Abstract Background Immunofluorescence antigen mapping (IFM), is a newly introduced technique for diagnosis and classification of epidermolysis bullosa (EB) disease. The precise level of skin cleavage can be determined using monoclonal antibodies to EB‐specific basement membrane zone protein. Objective To apply IFM technique in diagnosis and classification of EB and to identify utility and limitation of this method in our clinical setting. Methods IFM was done according to a described protocol by Pohla‐Gubo et al . Monoclonal antibodies used for antigen mapping were against cytokeratin 5, cytokeratin 14, α6 integrin, β 4 integrin, laminin 332, Collagen IV, and Collagen VII. Results IFM was done for 95 referred patients, compromising 49 females and 46 males, aged 5 days to 45 years (mean = 9.5 years). Ninety cases were diagnosed with EB and classified as follows: EB simplex: ( n = 13), junctional EB ( n = 14), dystrophic EB ( n = 62), and Kindler syndrome ( n = 1). Diagnosis was not made in five cases as their specimens contained no blister.
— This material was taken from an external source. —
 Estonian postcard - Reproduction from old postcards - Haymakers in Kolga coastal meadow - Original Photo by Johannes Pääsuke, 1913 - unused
Confirmatory genetic analysis was done for five junctional cases from two families with clinical features of laryngo‐onycho‐cutaneous syndrome. Genetic molecular studies showed nonsense mutations in the last codon of exon 39 of the laminin α3a (LAMA3) gene (p.Gln57X) and a donor splice site mutation in LAMA3 (IVS57+5G>A) in the first and second family, respectively. Conclusion IFM technique is relatively simple to perform, and interpretation of the results is not sophisticated. The proportion of inconclusive results will be decreased if the specimens contain freshly induced blister.